Jeanette Ortiz, 42, won’t have to worry much longer about the extra fee for guacamole at Chipotle. Ms. Ortiz, a former Chipotle general manager was found to have been wronged by her former employer—so much so that a Fresno jury awarded her almost $8 million in damages.
Ms. Ortiz, a mother of nine, was accused in January 2015, of stealing $626 from a safe at a Chipotle in Fresno, CA, where she worked. Upper management informed her that they had video evidence from late December, 2014, of her opening the safe, fanning out the money, looking over her shoulder, and taking the money. Ms. Ortiz had worked for the company for almost 14 years, and in that time the company had supported her during four maternity leaves and four medical leaves. Chipotle’s attorney, Robert Hinckley, said that Ms. Ortiz was reportedly under financial stress, which, he felt was the motivating factor for her actions.
The jurors felt differently. Ms. Ortiz’s attorneys pointed out several flaws with Chipotle’s case. First, when Ms. Ortiz asked to see the security footage that upper management cited in her termination, they informed her she could not because it had been destroyed. What is more, during the trial, evidence came out that showed other text messages and notes citing reasons for Ms. Ortiz’s termination had also been lost.
Another wrinkle in the case was the matter of timing. Ms. Ortiz filed a worker’s compensation claim in December, 2014, for carpal tunnel in her wrists, which, she alleged in her complaint, was brought on by her work. When Ms. Ortiz told her supervisor Janella Schrader (a co-defendant in the case) about her injury, Ms. Schrader was displeased. According to Ms. Ortiz’s complaint, Ms. Schrader instructed Ms. Ortiz to, “minimize her injuries to the doctors so that they would recommend her to work, because her services were needed and it was a ‘clog in the pipeline’ if she could not work.” Ms. Ortiz declined to “falsely report the state of her injuries to her treating doctors,” and began medical leave on January 18, 2015. Five days into Ms. Ortiz’s medical leave, she was notified that her employment was terminated because of the apparent theft.
After filing the initial civil complaint, Chipotle offered $1,000 to settle, according to the Fresno Bee. Ms. Ortiz declined the settlement and she now has won almost $8 million between lost earnings, mental suffering, and other damages.
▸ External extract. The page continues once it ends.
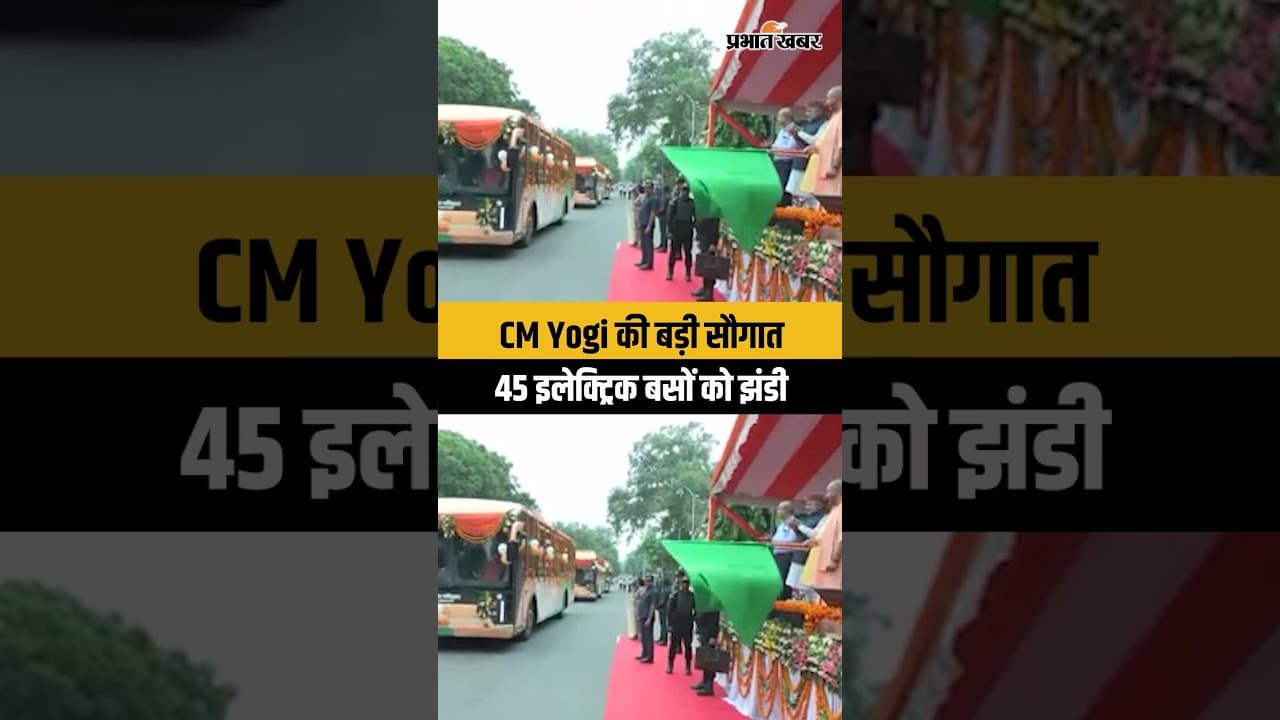 Noida वालों को CM Yogi की बड़ी सौगात, आज से चलेंगी 45 नई इलेक्ट्रिक बसें
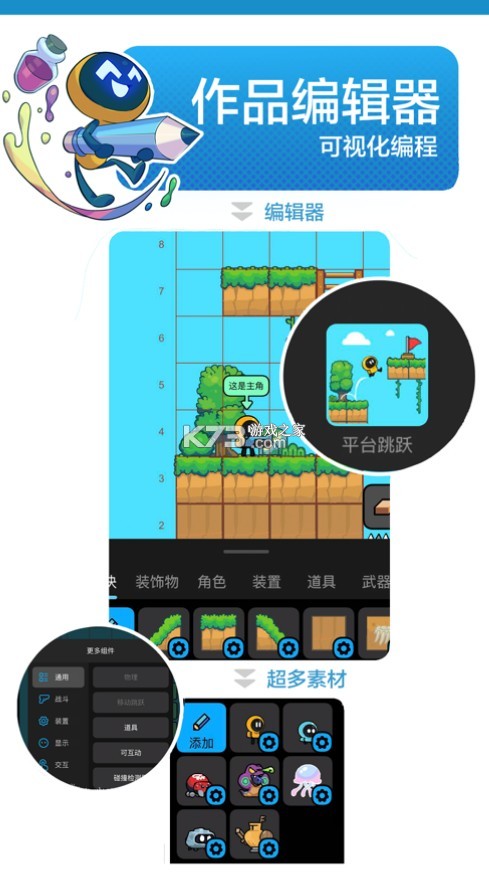 创游世界在线玩v1.46.3截图4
So what is the take away from this case? For starters, encouraging employees to lie about their injuries to return to work—or engaging in any other method of benefits interference—is a big no-no. While allowing employees to take medical leaves may seem like a “pain,” it is required in certain instances. Accidents and injuries happen. Companies that work with their employees to ensure they recover will have more loyal and happier (and healthier) workers.
This case is also a good reminder to preserve evidence. It came out in trial that texts and notes regarding Ms. Ortiz’s termination had been destroyed. Even if this evidence had been destroyed innocently, it does not play very sympathetically to a jury.
Less obviously, this case is an important lesson to employers to make sure you have sound policies regarding investigations and terminations. One of Ms. Ortiz’s attorneys told the Fresno Bee that jurors told him after the trial that, “they didn’t like the fact that Chipotle didn’t have a corporate policy on how to conduct investigations or retain video evidence.” He also said that Chipotle’s treatment of their employee bothered them.
Does your company have a concrete policy when it comes to investigations and video surveillance? If not, this might be a good time to start thinking about implementing a policy.